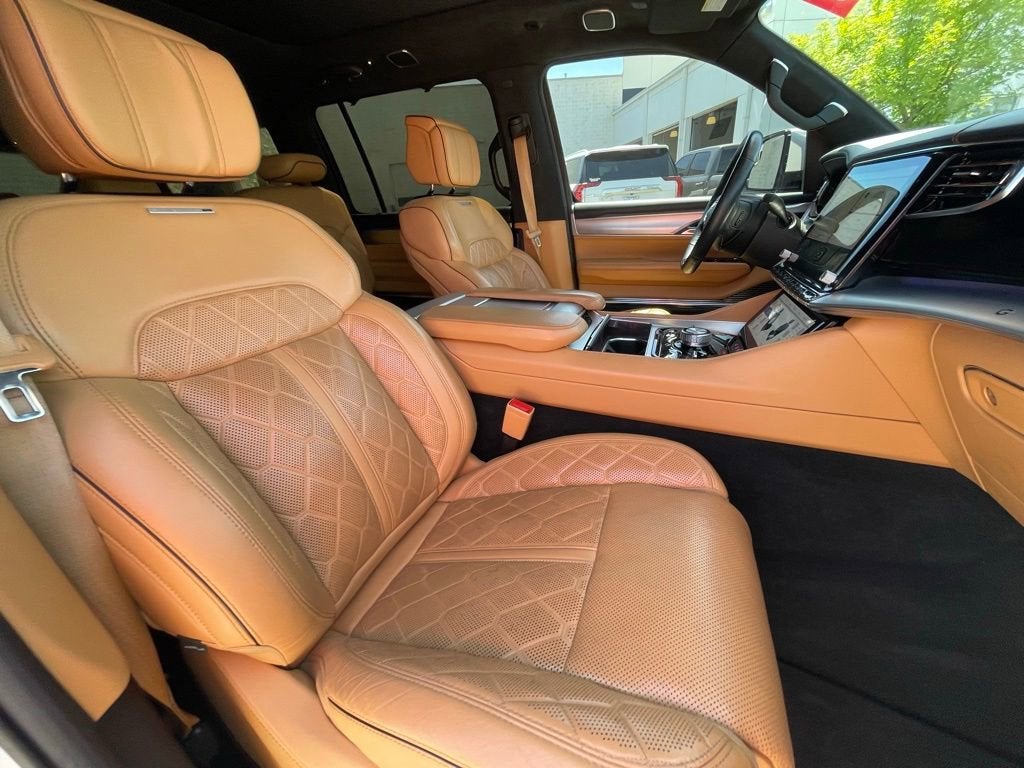 2022 Jeep Grand Wagoneer Series III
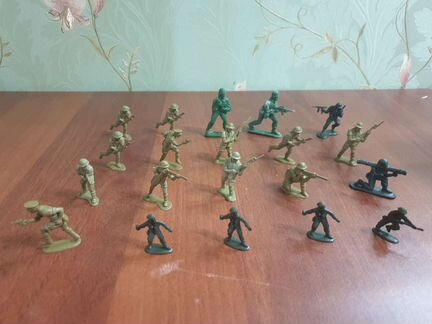 Коллекция азиатских реплик солдатиков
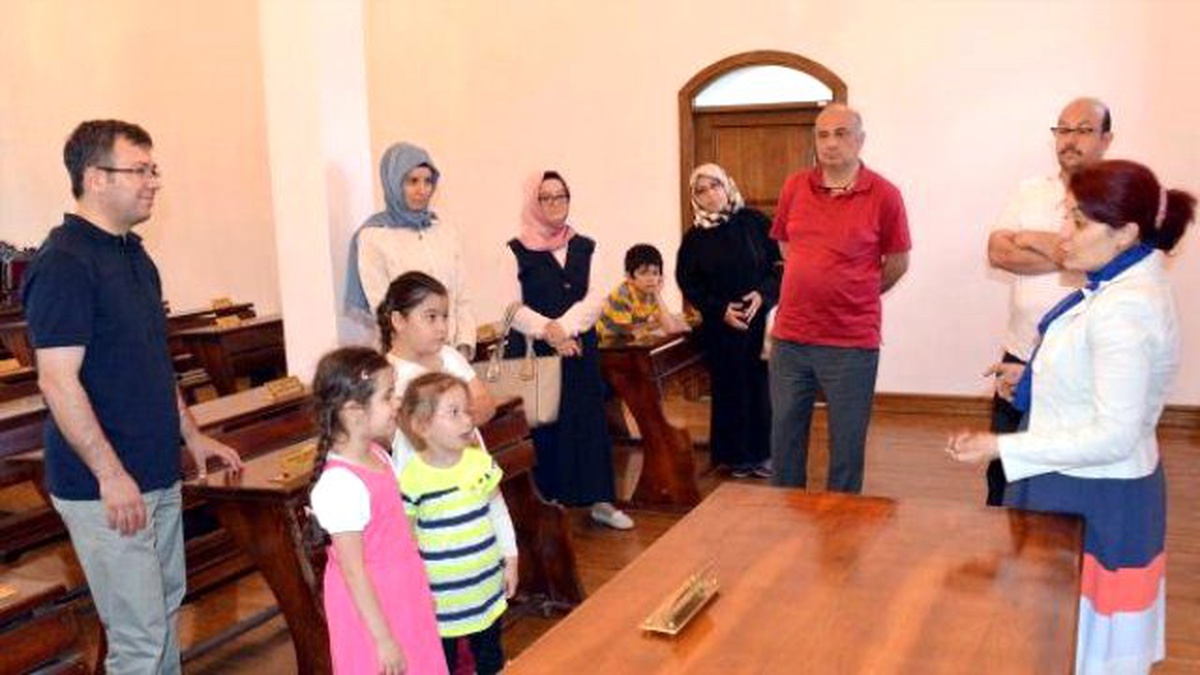 Erzurum\'daki Kongre Binası Ziyaretçi Akınına Uğruyor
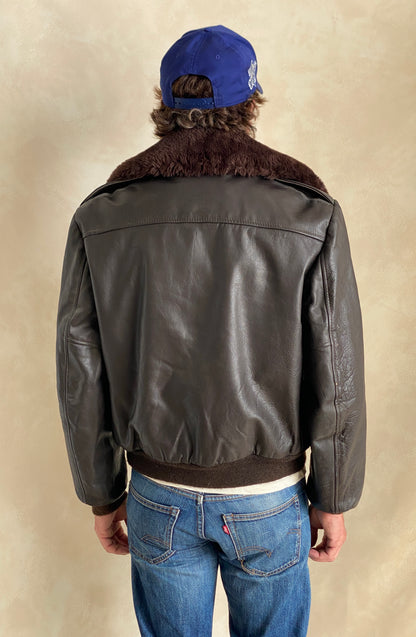 Size 40USA/50 Euro. Vintage 70s flight leather jacket made in USA talon zip-AJ357 Studio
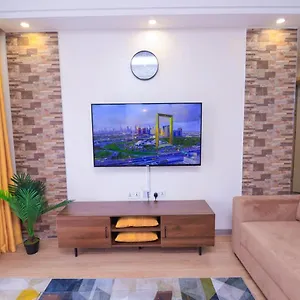 Executive Catchy Two Bedroom With 'unbeatable Scenic Views And Heated Swimming Pool And Well Equipped Gym And Ample Parking Space And Unbeatable Scenic Views Apartment Nairobi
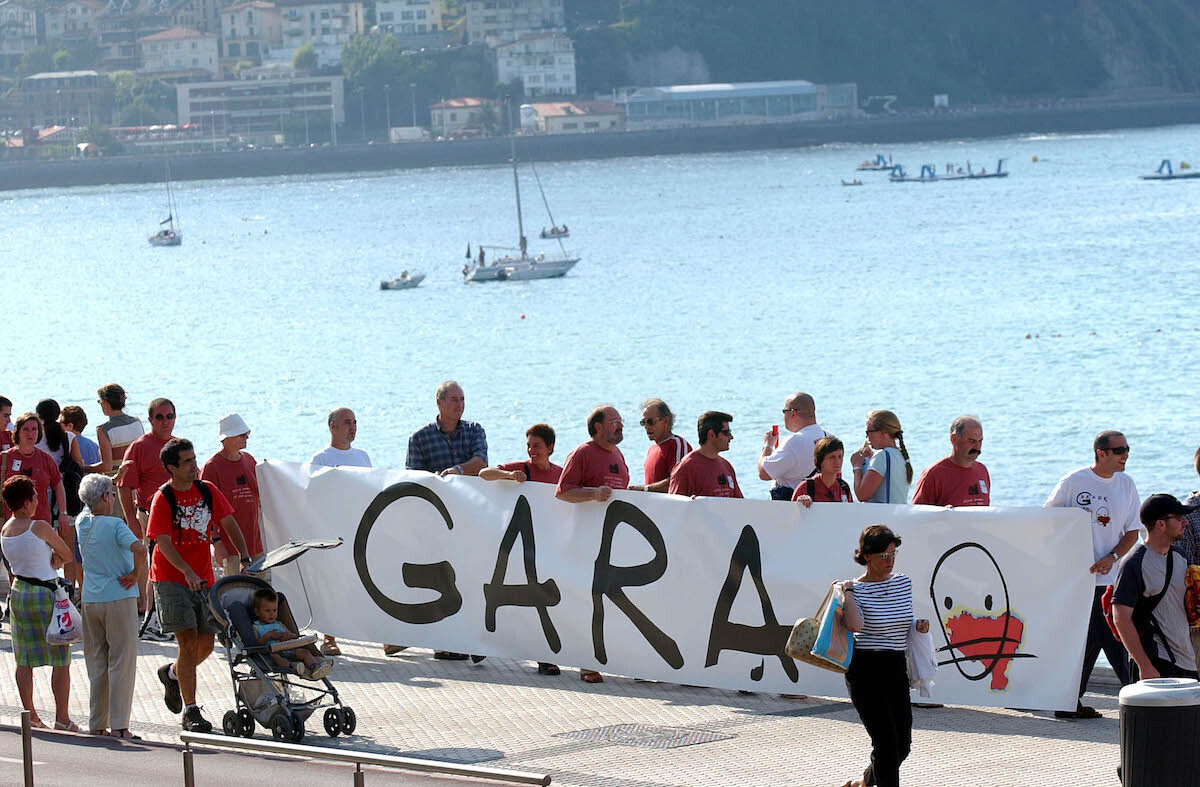 GARAren aldeko giza-katea.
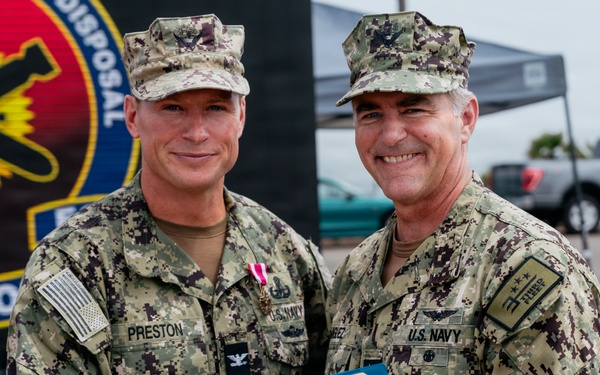 EODGRU-1 Holds a Change of Command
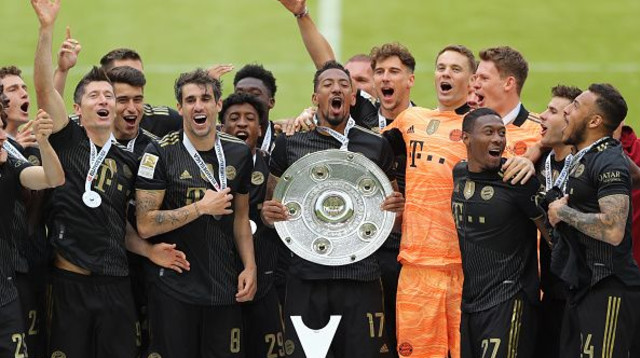 שחקני באיירן חוגגים (צילום: Stefan Matzke - sampics)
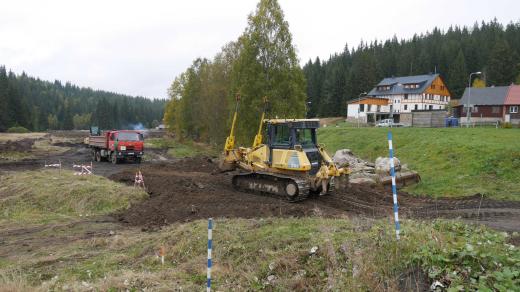Na šumavské Modravě teď panuje čilý stavební ruch. Hned při vjezdu od Srní buduje obec nové záchytné parkoviště. Má ulevit od odstavených aut v centru, ze kterého by se tak měla stát klidnější zóna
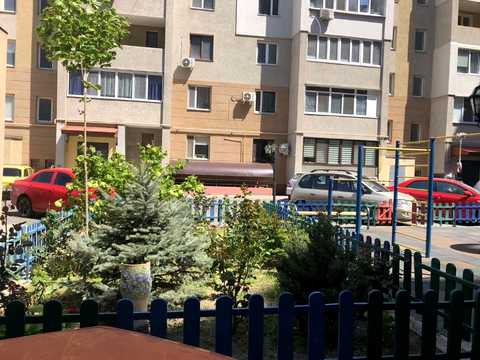 квартира за адресою Маршала Жукова, 1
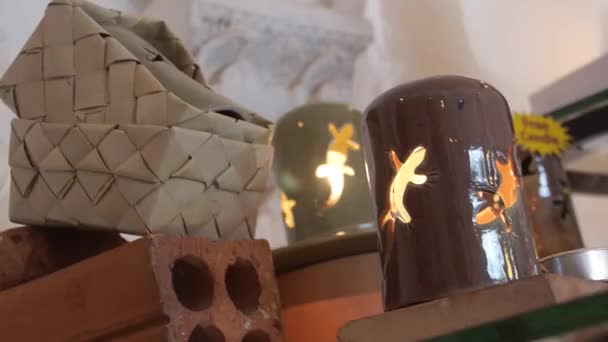 Gecko Mum Tutucuları Küçük Sepetlerin Yanında Soldan Sağa — Stok video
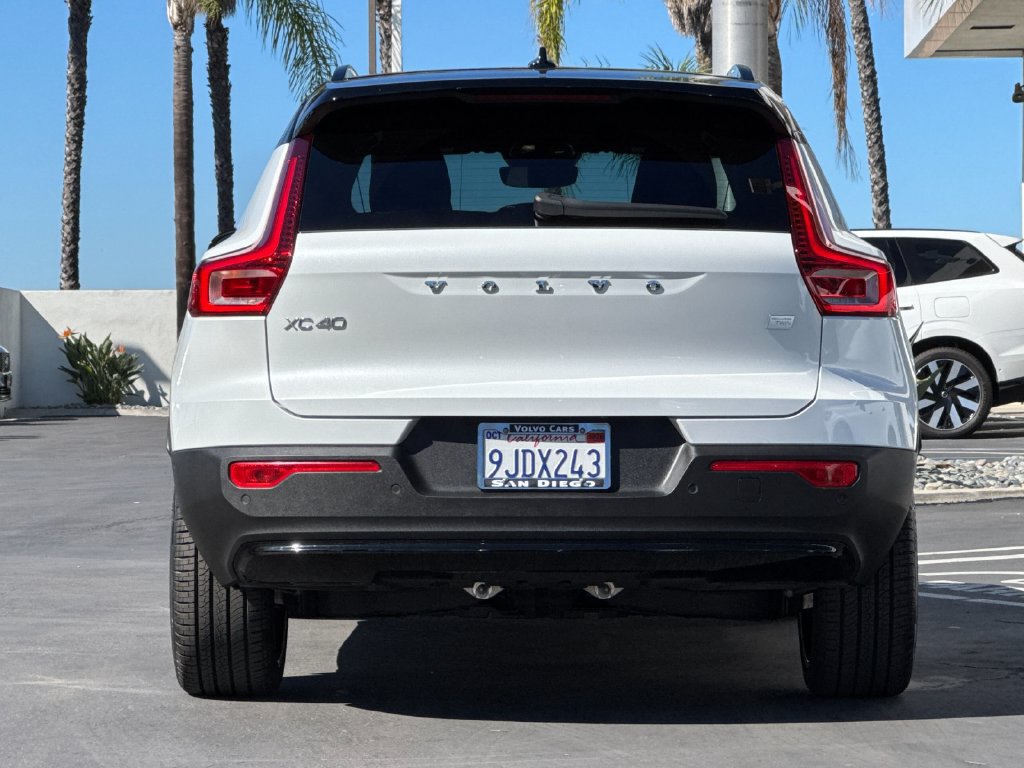 Certified 2023 Volvo XC40 Recharge Ultimate AWD/4WD image 4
+ + + + +
Once the line containing "Size 40USA/50 Euro." has been copied, stop; everything from the first line of the data up to it must be copied exactly, without pictures.

▶ **EXERCISE RESULT**:
 2022 Jeep Grand Wagoneer Series III
 Коллекция азиатских реплик солдатиков
 Erzurum\'daki Kongre Binası Ziyaretçi Akınına Uğruyor
 Size 40USA/50 Euro. Vintage 70s flight leather jacket made in USA talon zip-AJ357 Studio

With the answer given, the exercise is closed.